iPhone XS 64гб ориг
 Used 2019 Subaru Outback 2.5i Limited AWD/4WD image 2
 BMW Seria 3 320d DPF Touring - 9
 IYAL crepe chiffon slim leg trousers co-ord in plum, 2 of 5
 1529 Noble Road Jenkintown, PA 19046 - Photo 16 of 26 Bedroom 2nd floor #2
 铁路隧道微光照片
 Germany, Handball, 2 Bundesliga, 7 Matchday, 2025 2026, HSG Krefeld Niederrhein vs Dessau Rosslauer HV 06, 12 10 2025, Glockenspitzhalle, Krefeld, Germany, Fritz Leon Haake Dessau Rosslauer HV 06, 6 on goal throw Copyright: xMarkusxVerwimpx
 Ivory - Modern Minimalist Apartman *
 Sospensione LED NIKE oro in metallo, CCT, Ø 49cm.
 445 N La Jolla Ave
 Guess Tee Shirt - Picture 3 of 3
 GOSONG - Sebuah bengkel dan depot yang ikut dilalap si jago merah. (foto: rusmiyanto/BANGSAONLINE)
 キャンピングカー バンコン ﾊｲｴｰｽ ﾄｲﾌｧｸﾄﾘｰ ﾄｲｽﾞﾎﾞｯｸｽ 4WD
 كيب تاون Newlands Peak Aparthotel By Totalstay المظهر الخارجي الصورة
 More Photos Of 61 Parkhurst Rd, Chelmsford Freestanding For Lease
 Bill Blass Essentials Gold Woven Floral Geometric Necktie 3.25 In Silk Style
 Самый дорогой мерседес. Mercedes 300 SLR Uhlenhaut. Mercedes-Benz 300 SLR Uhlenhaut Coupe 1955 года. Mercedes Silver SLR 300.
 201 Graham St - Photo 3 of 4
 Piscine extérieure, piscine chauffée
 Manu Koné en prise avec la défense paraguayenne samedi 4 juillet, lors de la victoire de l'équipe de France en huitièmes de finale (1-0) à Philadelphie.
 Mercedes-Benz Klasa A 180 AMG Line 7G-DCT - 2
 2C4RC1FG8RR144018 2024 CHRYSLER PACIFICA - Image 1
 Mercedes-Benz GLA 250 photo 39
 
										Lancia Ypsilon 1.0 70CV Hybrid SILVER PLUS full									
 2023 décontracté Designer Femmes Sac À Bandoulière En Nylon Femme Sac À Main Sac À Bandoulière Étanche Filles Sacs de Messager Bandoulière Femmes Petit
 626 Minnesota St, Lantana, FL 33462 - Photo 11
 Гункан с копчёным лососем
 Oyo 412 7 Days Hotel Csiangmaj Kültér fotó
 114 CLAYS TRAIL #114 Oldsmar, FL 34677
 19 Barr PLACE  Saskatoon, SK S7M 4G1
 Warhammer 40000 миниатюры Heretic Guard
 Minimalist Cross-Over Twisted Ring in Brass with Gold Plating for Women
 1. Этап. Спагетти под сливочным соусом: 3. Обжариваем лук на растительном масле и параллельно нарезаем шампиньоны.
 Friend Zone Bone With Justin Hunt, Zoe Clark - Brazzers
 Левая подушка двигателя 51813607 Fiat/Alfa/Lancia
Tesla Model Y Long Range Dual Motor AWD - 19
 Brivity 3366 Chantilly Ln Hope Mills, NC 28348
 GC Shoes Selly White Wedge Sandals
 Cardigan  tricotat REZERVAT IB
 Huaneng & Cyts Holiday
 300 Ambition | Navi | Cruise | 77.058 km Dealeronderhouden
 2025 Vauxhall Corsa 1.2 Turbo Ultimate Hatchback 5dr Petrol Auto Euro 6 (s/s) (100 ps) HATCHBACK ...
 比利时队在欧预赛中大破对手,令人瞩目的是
+ + +
» Problem statement: Starting with the first line of the records above, give back each line exactly until the line with "Guess Tee Shirt - Picture 3 of 3" has been given as well.

» Response to this task:
iPhone XS 64гб ориг
 Used 2019 Subaru Outback 2.5i Limited AWD/4WD image 2
 BMW Seria 3 320d DPF Touring - 9
 IYAL crepe chiffon slim leg trousers co-ord in plum, 2 of 5
 1529 Noble Road Jenkintown, PA 19046 - Photo 16 of 26 Bedroom 2nd floor #2
 铁路隧道微光照片
 Germany, Handball, 2 Bundesliga, 7 Matchday, 2025 2026, HSG Krefeld Niederrhein vs Dessau Rosslauer HV 06, 12 10 2025, Glockenspitzhalle, Krefeld, Germany, Fritz Leon Haake Dessau Rosslauer HV 06, 6 on goal throw Copyright: xMarkusxVerwimpx
 Ivory - Modern Minimalist Apartman *
 Sospensione LED NIKE oro in metallo, CCT, Ø 49cm.
 445 N La Jolla Ave
 Guess Tee Shirt - Picture 3 of 3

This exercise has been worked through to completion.